Skip pictures in the listing below; copy exactly the lines from the one with "a bedroom with a bed" through the one with "Forester Hank McPherson, owner", inclusive.

#### [MATERIAL PROVIDED]
==================================================

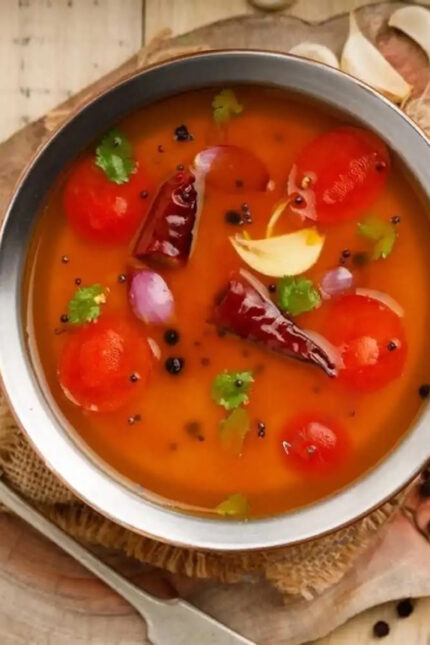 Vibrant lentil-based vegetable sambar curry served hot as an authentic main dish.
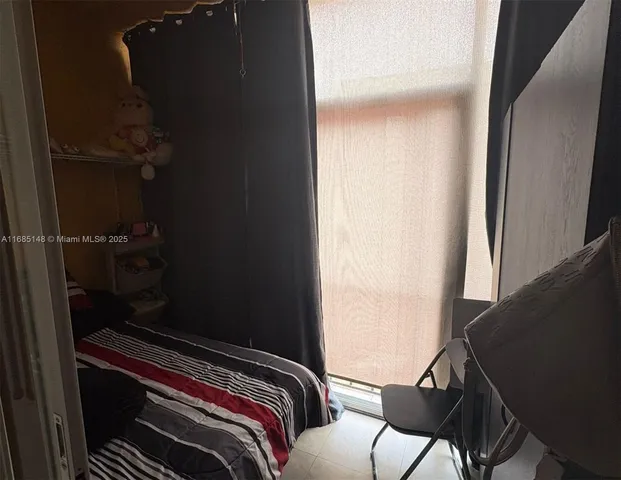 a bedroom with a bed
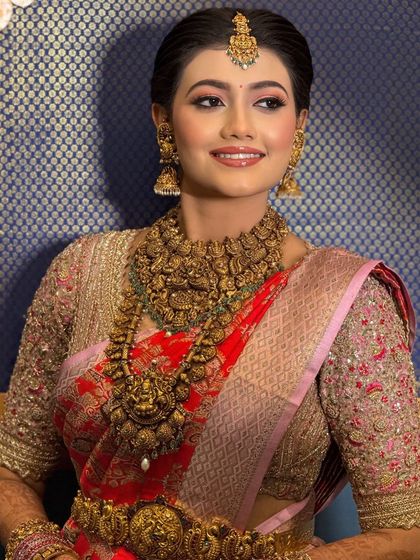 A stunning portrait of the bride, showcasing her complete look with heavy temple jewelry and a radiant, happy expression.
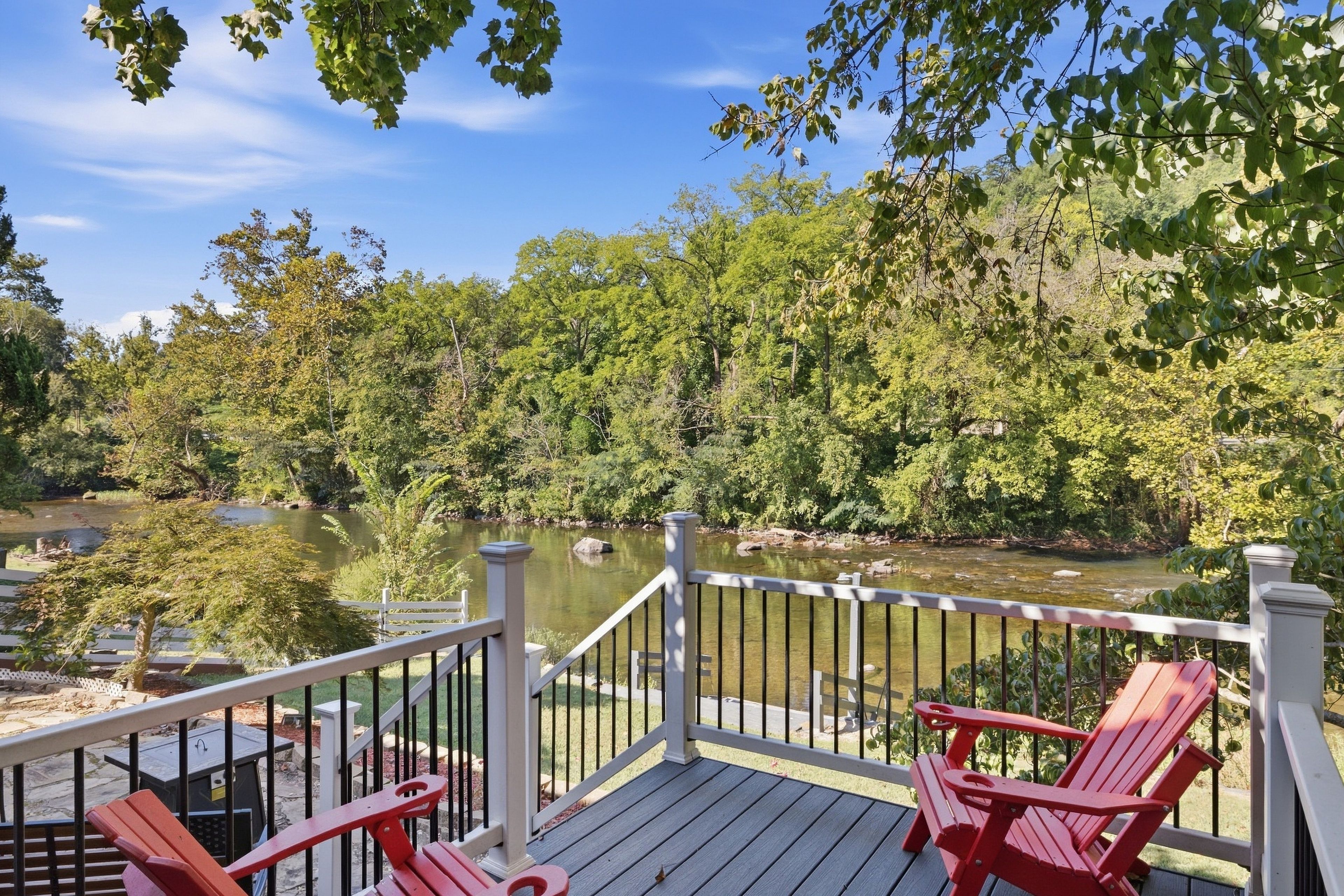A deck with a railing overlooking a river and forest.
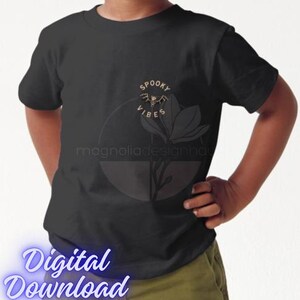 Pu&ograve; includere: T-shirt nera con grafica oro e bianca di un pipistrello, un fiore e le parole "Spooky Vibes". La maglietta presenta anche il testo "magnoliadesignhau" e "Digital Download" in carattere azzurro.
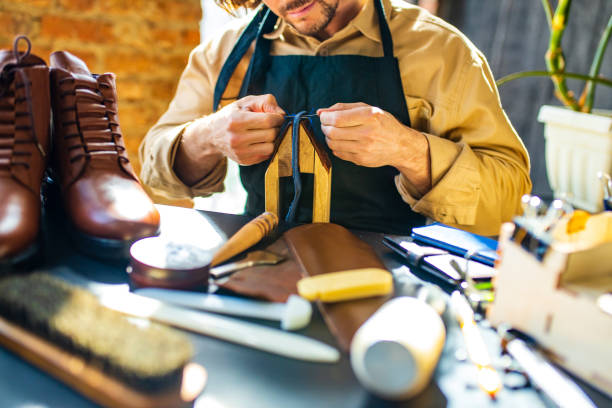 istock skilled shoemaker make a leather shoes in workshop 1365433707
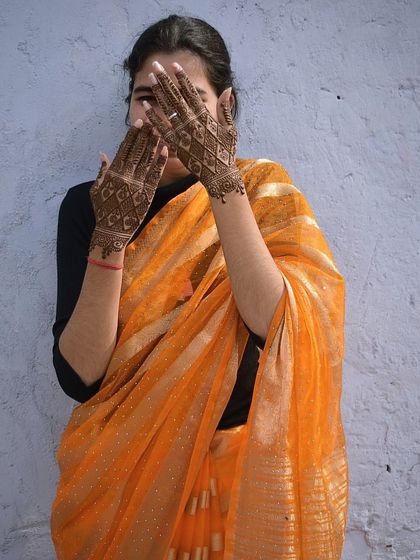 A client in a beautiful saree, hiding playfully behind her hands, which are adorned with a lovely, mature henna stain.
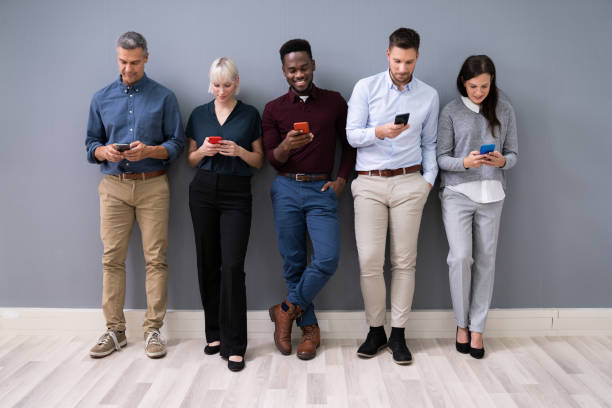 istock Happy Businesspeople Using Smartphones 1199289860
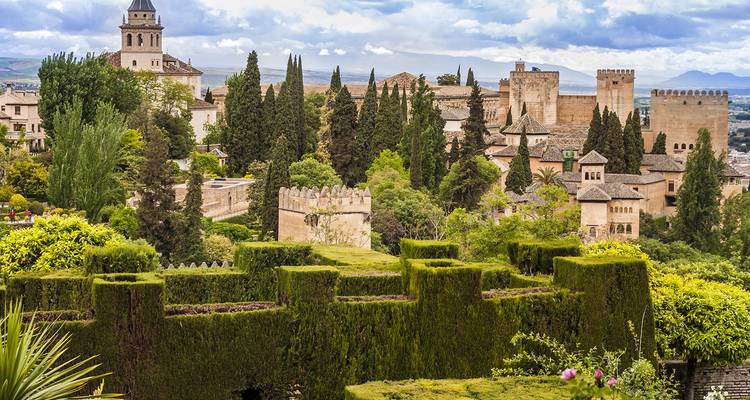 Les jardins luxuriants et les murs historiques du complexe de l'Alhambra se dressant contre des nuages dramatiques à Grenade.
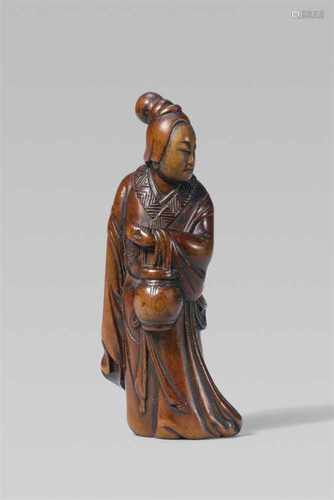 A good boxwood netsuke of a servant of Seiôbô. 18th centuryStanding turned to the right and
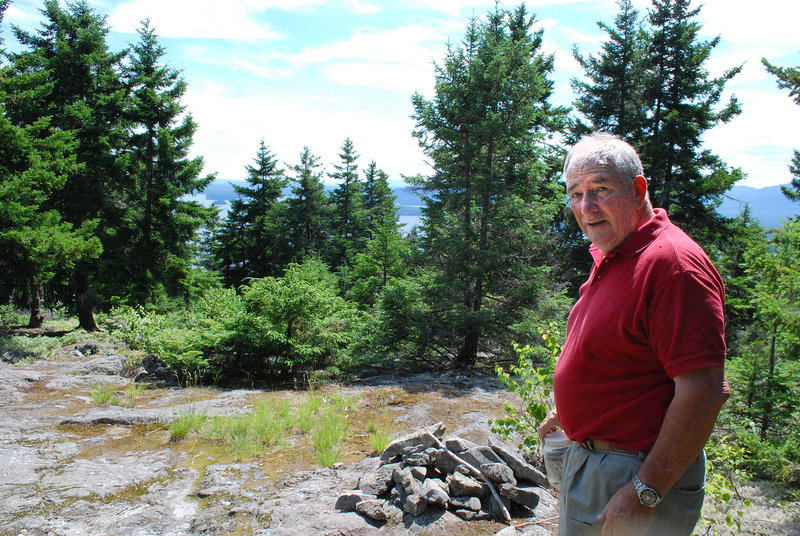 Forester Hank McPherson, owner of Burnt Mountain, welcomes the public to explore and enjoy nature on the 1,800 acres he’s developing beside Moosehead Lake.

==================================================

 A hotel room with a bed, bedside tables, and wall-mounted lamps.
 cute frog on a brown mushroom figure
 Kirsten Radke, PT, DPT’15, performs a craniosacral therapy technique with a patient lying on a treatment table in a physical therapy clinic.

==================================================

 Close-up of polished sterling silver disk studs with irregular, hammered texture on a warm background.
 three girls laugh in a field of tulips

==================================================

#### [SOLVED PROBLEM]
 a bedroom with a bed
 A stunning portrait of the bride, showcasing her complete look with heavy temple jewelry and a radiant, happy expression.
A deck with a railing overlooking a river and forest.
 Pu&ograve; includere: T-shirt nera con grafica oro e bianca di un pipistrello, un fiore e le parole "Spooky Vibes". La maglietta presenta anche il testo "magnoliadesignhau" e "Digital Download" in carattere azzurro.
 istock skilled shoemaker make a leather shoes in workshop 1365433707
 A client in a beautiful saree, hiding playfully behind her hands, which are adorned with a lovely, mature henna stain.
 istock Happy Businesspeople Using Smartphones 1199289860
 Les jardins luxuriants et les murs historiques du complexe de l'Alhambra se dressant contre des nuages dramatiques à Grenade.
 A good boxwood netsuke of a servant of Seiôbô. 18th centuryStanding turned to the right and
 Forester Hank McPherson, owner of Burnt Mountain, welcomes the public to explore and enjoy nature on the 1,800 acres he’s developing beside Moosehead Lake.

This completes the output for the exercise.